Yes, and typically for the same reasons as in JVMs etc: `vfork()` is just faster.

trws · 2025-08-26T21:57:06 1756245426

I largely agree, and use these patterns in C, but you’re neglecting the usual approach of having a default or stub implementation in the base for classic OOP. There’s also the option of using interfaces in more modern OOP or concept-style languages where you can cast to an interface type to only require the subset of the API you actually need to call. Go is a good example of this, in fact doing the lookup at runtime from effectively a table of function pointers like this.

ryao · 2025-08-27T13:57:27 1756303047

My point is that this pattern is not object oriented programming. As for a default behavior with it, you usually would do that by either always adding the default pointer when creating the structure or calling the default whenever the pointer is NULL.

In the Linux VFS for example, there are optimized functions for reading and writing, but if those are not implemented, a fallback to unoptimized functions is done at the call sites. Both sets are function pointers and you only need to implement one if I recall correctly.

f1shy · 2025-08-27T14:46:45 1756306005

To be fair, OOP is not 100% absolutely perfectly defined. Strustrup swears C++ is OOP, Alan Key, at least at some point laughed at C++, and people using CLOS have yet another definition

pjmlp · 2025-08-28T12:25:42 1756383942

You forgot about people using BETA, or Self, or ......

naasking · 2025-08-27T15:00:19 1756306819

> My point is that this pattern is not object oriented programming.

I think the "is/is not" question is not so clear. If you think of "is" as a whether there's a homomorphism, then it makes sense to say that it is OOP, but it can qualify as being something else too, ie. it's not an exclusionary relationaship.

ryao · 2025-08-27T18:47:40 1756320460

Object oriented programming implies certain contracts that the compiler enforces that are not enforced with data abstraction. Given that object oriented programming and data abstraction two live side by side in C++, we can spot the differences between member functions that have contracts enforced, and members function pointers that do not. Member functions have an implicit this pointer, and in a derived class, can call the base class version via a shorthand notation to the compiler (BaseClass::func() or super()), unless that base class version is a pure virtual function. Member function pointers have no implicit this pointer unless one is explicitly passed. They have no ability to access a base class variant via some shorthand notation to the compiler because the compiler has no contract saying that OOP is being done and there is a base class version of this function. Finally, classes with unimplemented member functions may not be instantiated as objects, while classes with unimplemented member functions pointers may.

If you think of the differences as being OOP implies contracts with the compiler and data abstraction does not (beyond a simple structure saying where the members are in memory), it becomes easier to see the two as different things.

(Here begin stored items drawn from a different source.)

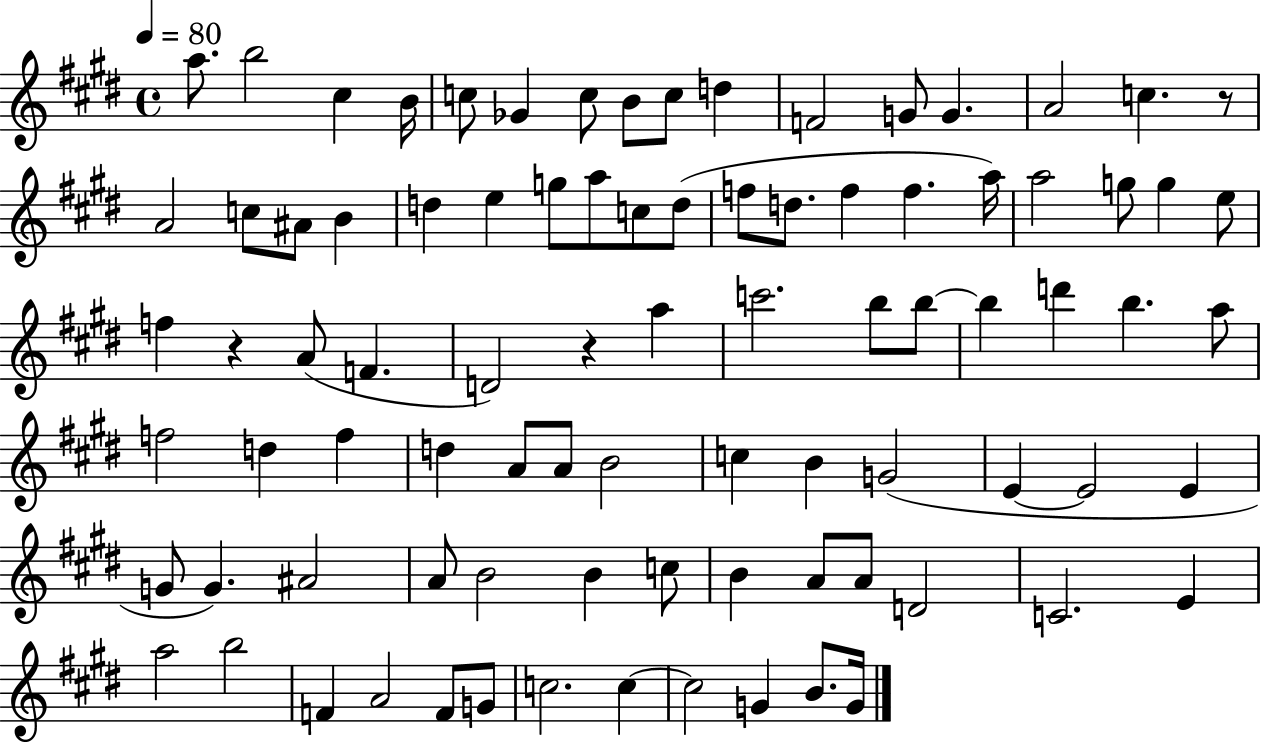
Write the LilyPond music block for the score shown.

{
  \clef treble
  \time 4/4
  \defaultTimeSignature
  \key e \major
  \tempo 4 = 80
  a''8. b''2 cis''4 b'16 | c''8 ges'4 c''8 b'8 c''8 d''4 | f'2 g'8 g'4. | a'2 c''4. r8 | \break a'2 c''8 ais'8 b'4 | d''4 e''4 g''8 a''8 c''8 d''8( | f''8 d''8. f''4 f''4. a''16) | a''2 g''8 g''4 e''8 | \break f''4 r4 a'8( f'4. | d'2) r4 a''4 | c'''2. b''8 b''8~~ | b''4 d'''4 b''4. a''8 | \break f''2 d''4 f''4 | d''4 a'8 a'8 b'2 | c''4 b'4 g'2( | e'4~~ e'2 e'4 | \break g'8 g'4.) ais'2 | a'8 b'2 b'4 c''8 | b'4 a'8 a'8 d'2 | c'2. e'4 | \break a''2 b''2 | f'4 a'2 f'8 g'8 | c''2. c''4~~ | c''2 g'4 b'8. g'16 | \break \bar "|."
}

1718627440 · 2025-08-27T19:07:04 1756321624

So you can opt out or in to syntactic sugar, that makes C++ an interesting and useful language, but how you implement OOP, doesn't really affect if it is OOP.

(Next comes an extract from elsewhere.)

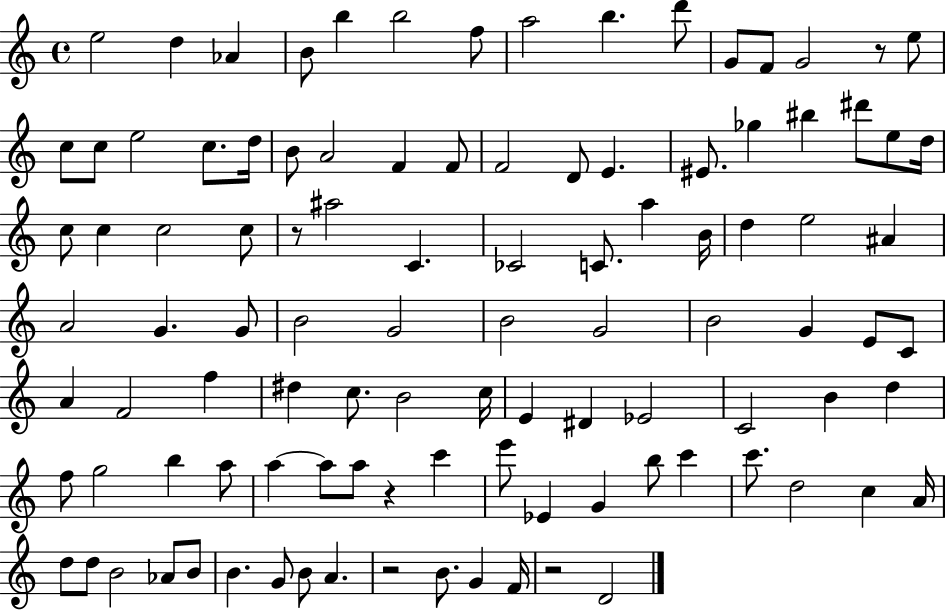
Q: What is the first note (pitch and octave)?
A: E5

ryao · 2025-08-27T20:01:03 1756324863

By this logic, C is an objective oriented language. It is widely held to not be. That is why there were two separate approaches to extend it to make it object oriented, C++ and Objective-C.

1718627440 · 2025-08-27T20:19:05 1756325945

You can implement OOP in C as you can in any language, the article is an example of this. C is not an OOP language in any way, it doesn't have any syntactic features for it and use the term "object" for something different.

ryao · 2025-08-28T00:47:45 1756342065

The article mentions file_operations, but ignores that it has what would be a static member function in C++ in the form of ->check_flags(), which is never in a vtable. The article author is describing overlap between object oriented programming and something else, called data abstraction, which is what is really being done inside Linux, and calling it OOP.

You can implement OOP in C if you do vtables for inheritance hierarchies manually, among other things, but that is different than what Linux does.

1718627440 · 2025-08-28T16:16:31 1756397791

I honestly don't think how a C++ compiler chooses to implement an object method does matter here.

It's a function belonging to an object, to which is dynamically dispatched with something I would call a vtable. To me that sounds like a classic example of OOP.

Data abstraction is a core of OOP.

This pattern can be used to implement inheritance, when it isn't here that doesn't mean its not OOP.

ryao · 2025-08-28T23:39:10 1756424350

Data abstraction is a separate invention from OOP since it involves abstract data types. What is being used here is an abstract data type. It is not the pattern used in OOP languages and it is not OOP. It bears similarities and overlap with the vtables used to implement some OOP languages. It is like how thumbs bear similarities and overlap with index fingers, but the two are not the same.

1718627440 · 2025-08-29T11:12:55 1756465975

To cite Wikipedia:

> Object-oriented programming (OOP) is a programming paradigm based on the object – a software entity that encapsulates data and function(s). An OOP computer program consists of objects that interact with one another. A programming language that provides OOP features is classified as an OOP language [...]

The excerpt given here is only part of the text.